Task » Set down exactly the lines running from the one with "Poster - happy" to the last line of the listing below, both included, and skip every picture.

Dataset excerpt »

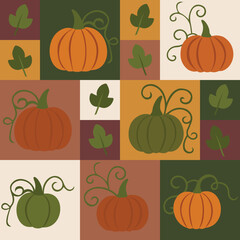Harvest Thanksgiving Bauhaus Seamless Pattern with Pumpkins, Autumn Leaves and Geometric Blocks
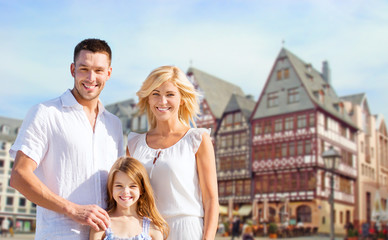 Poster - happy family over frankfurt am main background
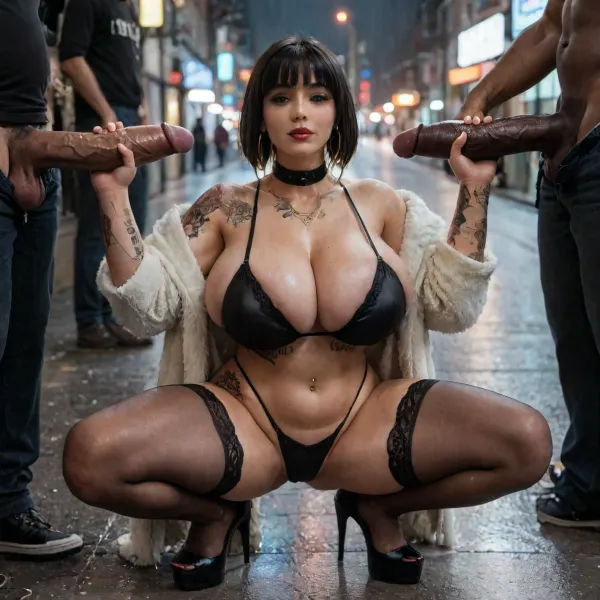 (One girl is squatting down in an alley at night), ghetto backround, dark, nighttime, run-down alley, outside, arrogant look, bad mood, mean look, looking at the viewer, sideview, elevated Angle, UHD 8K, extreme realism, maximum detail, photorealistic, hdri, (black platform high heels, black slave collar, black hair, A-line bob haircut, extremely straight hair, gigantic silver hoop earrings, silver jewelry, full body tattoos:1.25), neck tattoo, arm tattoos, leg tattoos, spiderweb tattoos, exquisite black lingerie bra with huge cutouts and deep cleavage, transparent black stockings, black thong, (grey long shiny fur coat:1.2), Voluptuous, thick thighs, big bulging ass, huge breasts, beautiful face, tanned skin, tanlines, navel piercing, <lora:polyhedron_photostudio-000005:.8>, <lora:192af1bb3d75bab622d76a8c8cf0a0b9:.8>, <lora:LCMTurboMix_Euler_A_fix:.8>, <lora:bombshell_v2:.8>, <lora:Venus_Body_Alpha:.8>, at night in cold heavy rain, 35 mm prime lens, puddles covering the street, rainwater rippling and reflecting neon and streetlights, cars passing by on the wet road, cold wet atmosphere, strong contrast, warm and cold color separation, realistic skin texture, detailed wet fabric, glossy reflections on asphalt, subtle volumetric rain haze, cinematic depth of field, rich shadow detail, natural urban grit, (raining:1.5), back arched, legs spread extremely wide, many african men are surrounding her, holding their massive cocks, she is staring up at them, gangbang, interracial scene, before sex, (huge cock:1.5), (african men:1.5), (double handjob:1.5), soaking wet body, (the men are holding their cocks:1.5), (thick thighs:1.5), ultra fat breasts, (many tattoos on legs:1.5), (gangbang:1.5)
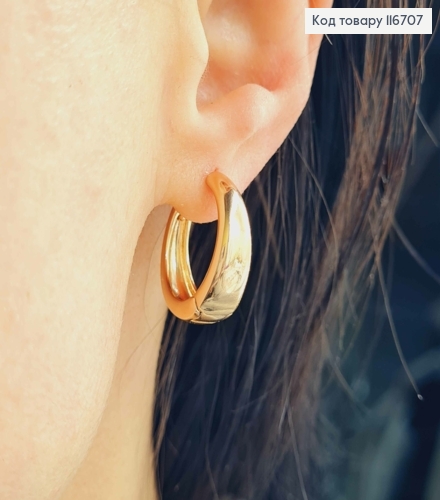 Серьги кольца заужены к верху, диаметр 2см, Xuping 18K 116707 фото 3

Solution for this exercise »
 Poster - happy family over frankfurt am main background
 (One girl is squatting down in an alley at night), ghetto backround, dark, nighttime, run-down alley, outside, arrogant look, bad mood, mean look, looking at the viewer, sideview, elevated Angle, UHD 8K, extreme realism, maximum detail, photorealistic, hdri, (black platform high heels, black slave collar, black hair, A-line bob haircut, extremely straight hair, gigantic silver hoop earrings, silver jewelry, full body tattoos:1.25), neck tattoo, arm tattoos, leg tattoos, spiderweb tattoos, exquisite black lingerie bra with huge cutouts and deep cleavage, transparent black stockings, black thong, (grey long shiny fur coat:1.2), Voluptuous, thick thighs, big bulging ass, huge breasts, beautiful face, tanned skin, tanlines, navel piercing, <lora:polyhedron_photostudio-000005:.8>, <lora:192af1bb3d75bab622d76a8c8cf0a0b9:.8>, <lora:LCMTurboMix_Euler_A_fix:.8>, <lora:bombshell_v2:.8>, <lora:Venus_Body_Alpha:.8>, at night in cold heavy rain, 35 mm prime lens, puddles covering the street, rainwater rippling and reflecting neon and streetlights, cars passing by on the wet road, cold wet atmosphere, strong contrast, warm and cold color separation, realistic skin texture, detailed wet fabric, glossy reflections on asphalt, subtle volumetric rain haze, cinematic depth of field, rich shadow detail, natural urban grit, (raining:1.5), back arched, legs spread extremely wide, many african men are surrounding her, holding their massive cocks, she is staring up at them, gangbang, interracial scene, before sex, (huge cock:1.5), (african men:1.5), (double handjob:1.5), soaking wet body, (the men are holding their cocks:1.5), (thick thighs:1.5), ultra fat breasts, (many tattoos on legs:1.5), (gangbang:1.5)
 Серьги кольца заужены к верху, диаметр 2см, Xuping 18K 116707 фото 3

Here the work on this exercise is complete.